23:27 < sipa> gmaxwell: problems during deserialization shouldn't _ever_ cause a block to be marked invalid

23:27 < gmaxwell> yes, this one we can work around. But where is the next one? this is the second one of those btw.

23:27 < gmaxwell> Leveldb internal errors also used to do this to us.

23:27 < gmaxwell> Third if you count bdb's internal errors.

23:27 < cfields> gmaxwell: so let's fix that independently :)

23:27 < gmaxwell> I'm fine with your general fix approach for now.

23:28 < cfields> there's one gotcha there, though... prevector calls malloc directly

23:28 < gmaxwell> I am lamenting that C++ code randomly calls exceptions without documenting the possiblity clearly. And that we make use of exceptions to mark invalidity. Which means that random internal errors can mark invalidity. And you all know I hate exceptions, so that bias is not in question. :)

23:29 < gmaxwell> cfields: why are you replacing new and not malloc? (I don't have a strong opinion, it's just a question)

23:29 < sipa> cfields: it could use new[] instead, i think

23:29 < sipa> gmaxwell: how do you replace malloc?

23:29 < gmaxwell> glibc has a specific override. But perhaps there is no portable way?

23:29 < sipa> you'd need to do it with link-time magic, and hope that libstdc++ doesn't bypass it somehow

23:29 < BlueMatt> I'm still confused, where do we use such exceptions to mark invalidity?

23:29 < sipa> BlueMatt: i don't know!

23:29 < sipa> we shouldn't!

23:30 < BlueMatt> yes, I dont see the specific issue here, yet

23:30 < gmaxwell> sipa: your logs showed we did exactly that.

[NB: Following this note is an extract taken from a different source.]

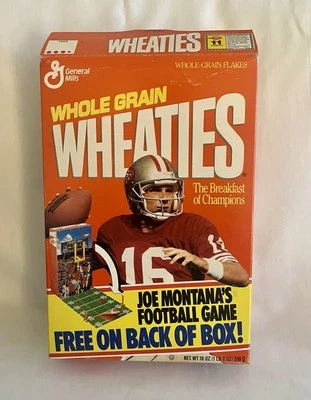 JOE MONTANO 1991 Wheaties Box Football Game Empty 18 Ounce Game Unused - Image 1 of 4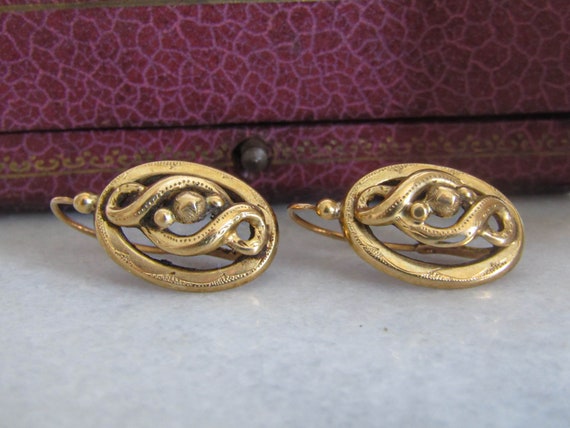 Antique 18k Solid Gold Victorian Infinity Loop Ea… - image 6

23:30 < BlueMatt> gmaxwell: no they dont

23:30 < BlueMatt> "ERROR: ConnectBlock(): inputs missing/spent"

23:30 < cfields> BlueMatt: my take-away from the above was that if we didn't throw in deserialization, we could just wrap acceptblock and activatebestchain in try/catch(), and abort any time something's caught

23:30 < BlueMatt> that was after the bad_alloc

23:31 < cfields> gmaxwell: memory allocation failed, then the _next block_ was rejected

23:31 < BlueMatt> cfields: yes, and we should do that, probably still

23:31 < sipa> gmaxwell: my assumption is that the error _is_ caught somewhere, not passed up, and as a result a normal "fail" return value is returned, and a higher layer interprets that as invalid block

23:31 < sipa> gmaxwell: i don't think we have anywhere a direct "exception? mark invalid!" logic

23:31 < BlueMatt> sipa: script interpreter does

23:31 < BlueMatt> but thats it i believe

23:32 < BlueMatt> (in the debug log you posted I do not believe that was the error, either)

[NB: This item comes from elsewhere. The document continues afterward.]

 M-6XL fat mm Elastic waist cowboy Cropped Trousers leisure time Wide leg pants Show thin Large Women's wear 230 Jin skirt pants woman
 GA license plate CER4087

23:32 < gmaxwell> we do all over the place! we have a generic catch that returns false on functions that must be true for validity.

23:33 < BlueMatt> gmaxwell: we do?

23:33 < gmaxwell> Open up validation.cpp basically every catch in there does this.

23:33 < cfields> sipa: my take was that the block was accepted, but we didn't switch to the new tip, so the next block failed when looking up inputs

23:33 < BlueMatt> only script interpreter i believe

23:34 < gmaxwell> okay it's not as bad as I thought.

23:34 < sipa> did we in 0.14 introduce the SendRejectsAndCheckIfBanned(pfrom, connman) call in net_processing:2754 ?

23:34 < BlueMatt> well now that i check it is worse than I thought :p

23:34 < sipa> which before used to be inside the catch block?

23:34 < BlueMatt> some disk reads shit that probably should be smarter than it is

23:35 < BlueMatt> sipa: yes, and no, before it didnt exist

23:35 < BlueMatt> (was only in SendMessages)

23:35 < cfields> sipa: it's new, we used to only send rejects+ban from SendMessages()

23:36 < sipa> i see

23:38 < cfields> imo the throw happened somewhere around SetBestChain, it was just caught in ProcessMessages because that's the only place we do a generic catch(...)

23:38 < gmaxwell> BlueMatt: well I thought it was _every_ one of them, but I checked readblockfromdisk and it's not.